What is expected:
Write the listing out again, all of it, word for word.
Task material Start Marker
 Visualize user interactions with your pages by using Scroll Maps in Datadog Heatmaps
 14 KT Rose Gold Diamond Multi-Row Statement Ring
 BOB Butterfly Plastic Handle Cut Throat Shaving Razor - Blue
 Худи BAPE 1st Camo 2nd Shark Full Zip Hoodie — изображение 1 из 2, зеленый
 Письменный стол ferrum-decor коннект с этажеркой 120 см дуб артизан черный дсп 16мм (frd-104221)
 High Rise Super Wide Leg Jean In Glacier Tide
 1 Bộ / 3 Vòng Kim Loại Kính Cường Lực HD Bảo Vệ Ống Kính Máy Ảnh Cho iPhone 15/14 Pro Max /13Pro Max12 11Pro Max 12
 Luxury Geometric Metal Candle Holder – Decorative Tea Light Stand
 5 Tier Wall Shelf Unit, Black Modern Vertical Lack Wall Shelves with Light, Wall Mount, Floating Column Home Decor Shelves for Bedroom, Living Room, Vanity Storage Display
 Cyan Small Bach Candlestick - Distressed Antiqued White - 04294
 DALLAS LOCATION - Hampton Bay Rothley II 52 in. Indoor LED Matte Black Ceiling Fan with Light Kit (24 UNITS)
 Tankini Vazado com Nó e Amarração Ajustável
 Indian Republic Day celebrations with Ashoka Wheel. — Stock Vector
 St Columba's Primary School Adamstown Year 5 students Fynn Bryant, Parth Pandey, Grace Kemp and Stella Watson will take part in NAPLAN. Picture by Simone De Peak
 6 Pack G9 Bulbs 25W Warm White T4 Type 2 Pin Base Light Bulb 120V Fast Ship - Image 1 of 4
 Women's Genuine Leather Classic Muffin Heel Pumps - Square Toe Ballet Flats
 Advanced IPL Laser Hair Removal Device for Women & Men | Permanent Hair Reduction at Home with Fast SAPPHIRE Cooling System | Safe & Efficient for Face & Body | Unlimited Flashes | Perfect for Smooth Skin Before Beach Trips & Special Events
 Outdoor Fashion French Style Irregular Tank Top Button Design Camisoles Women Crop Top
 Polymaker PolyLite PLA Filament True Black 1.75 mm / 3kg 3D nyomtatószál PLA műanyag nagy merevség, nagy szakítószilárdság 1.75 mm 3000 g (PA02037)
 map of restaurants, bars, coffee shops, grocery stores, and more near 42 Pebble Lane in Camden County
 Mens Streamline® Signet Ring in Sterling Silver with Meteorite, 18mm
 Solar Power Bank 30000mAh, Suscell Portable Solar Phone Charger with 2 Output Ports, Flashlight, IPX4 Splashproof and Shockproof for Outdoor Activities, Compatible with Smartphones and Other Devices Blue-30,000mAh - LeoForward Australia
Task material End Marker
Solution to the exercise:
 Visualize user interactions with your pages by using Scroll Maps in Datadog Heatmaps
 14 KT Rose Gold Diamond Multi-Row Statement Ring
 BOB Butterfly Plastic Handle Cut Throat Shaving Razor - Blue
 Худи BAPE 1st Camo 2nd Shark Full Zip Hoodie — изображение 1 из 2, зеленый
 Письменный стол ferrum-decor коннект с этажеркой 120 см дуб артизан черный дсп 16мм (frd-104221)
 High Rise Super Wide Leg Jean In Glacier Tide
 1 Bộ / 3 Vòng Kim Loại Kính Cường Lực HD Bảo Vệ Ống Kính Máy Ảnh Cho iPhone 15/14 Pro Max /13Pro Max12 11Pro Max 12
 Luxury Geometric Metal Candle Holder – Decorative Tea Light Stand
 5 Tier Wall Shelf Unit, Black Modern Vertical Lack Wall Shelves with Light, Wall Mount, Floating Column Home Decor Shelves for Bedroom, Living Room, Vanity Storage Display
 Cyan Small Bach Candlestick - Distressed Antiqued White - 04294
 DALLAS LOCATION - Hampton Bay Rothley II 52 in. Indoor LED Matte Black Ceiling Fan with Light Kit (24 UNITS)
 Tankini Vazado com Nó e Amarração Ajustável
 Indian Republic Day celebrations with Ashoka Wheel. — Stock Vector
 St Columba's Primary School Adamstown Year 5 students Fynn Bryant, Parth Pandey, Grace Kemp and Stella Watson will take part in NAPLAN. Picture by Simone De Peak
 6 Pack G9 Bulbs 25W Warm White T4 Type 2 Pin Base Light Bulb 120V Fast Ship - Image 1 of 4
 Women's Genuine Leather Classic Muffin Heel Pumps - Square Toe Ballet Flats
 Advanced IPL Laser Hair Removal Device for Women & Men | Permanent Hair Reduction at Home with Fast SAPPHIRE Cooling System | Safe & Efficient for Face & Body | Unlimited Flashes | Perfect for Smooth Skin Before Beach Trips & Special Events
 Outdoor Fashion French Style Irregular Tank Top Button Design Camisoles Women Crop Top
 Polymaker PolyLite PLA Filament True Black 1.75 mm / 3kg 3D nyomtatószál PLA műanyag nagy merevség, nagy szakítószilárdság 1.75 mm 3000 g (PA02037)
 map of restaurants, bars, coffee shops, grocery stores, and more near 42 Pebble Lane in Camden County
 Mens Streamline® Signet Ring in Sterling Silver with Meteorite, 18mm
 Solar Power Bank 30000mAh, Suscell Portable Solar Phone Charger with 2 Output Ports, Flashlight, IPX4 Splashproof and Shockproof for Outdoor Activities, Compatible with Smartphones and Other Devices Blue-30,000mAh - LeoForward Australia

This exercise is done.